Well, let’s scratch the surface.
It is an old belief of the photographers’ community that taking a beautiful picture has more, more to do with the capability of the photographer than with the hardware he uses. Or, to put it in another way, a good photographer with a bad camera will take absolutely better pictures than a bad photographer with the best camera available.
Switching back to the topic, the stunning pictures and videos used as a demonstration of what can be done with the next gimmick lacks of a couple of information attached: what you see is the work of a professional that uses the tool with professional capability and further rigs.

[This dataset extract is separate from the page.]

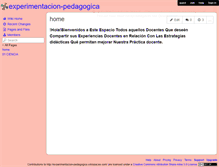 Tablet Screenshot of experimentacion-pedagogica.wikispaces.com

This report from Petapixel about the “Shot on Iphone” campaign shows exactly what I mean.
Sure, in the “Shot on Iphone” Apple added a small print informing that “Additional equipment and software used”
but to be actually truthful, the advertising would have add the words “professional photographer” to “equipment” and “software”. ? Even though, indeed, a simpleton user would buy a costly smartphone rig like this
he would never, ever be able to reproduce those incredible results shown everywhere, on websites, TV commercials, printed articles.
So, we can safely say that while this communication strategy is not illegal, it reveals that instead of being “well told”, truth has been “ingenuously hidden”.
But why?
A possible answer is that an advertising campaign doesn’t come from outer space while, on the contrary, it is the outcome of months of marketing researches, focus group analysis and consumers’ behaviour assessment.
So, if the advertising agency chose not to include the “professional photographer” words in the fine print accompanying the “Shot on Iphone” claim, this likely is because telling a prospective customer that he will need to learn (many) additional skills to enjoy the product has been deemed as negatively affecting the appeal – and the sales, finally – of the product.
From a sociological perspective, advertising don’t lie: it provides a straight, uncut view over our way of life and thinking, and what can be seen through the lens of the “Shot on Iphone” campaign, as well as through the way technology is spun to the consumers is fairly scaring.
We are pushed into buying things and led to believe that we don’t need knowledge and wisdom to use it.
Or we are treated like that because we actually do lack knowledge and wisdom?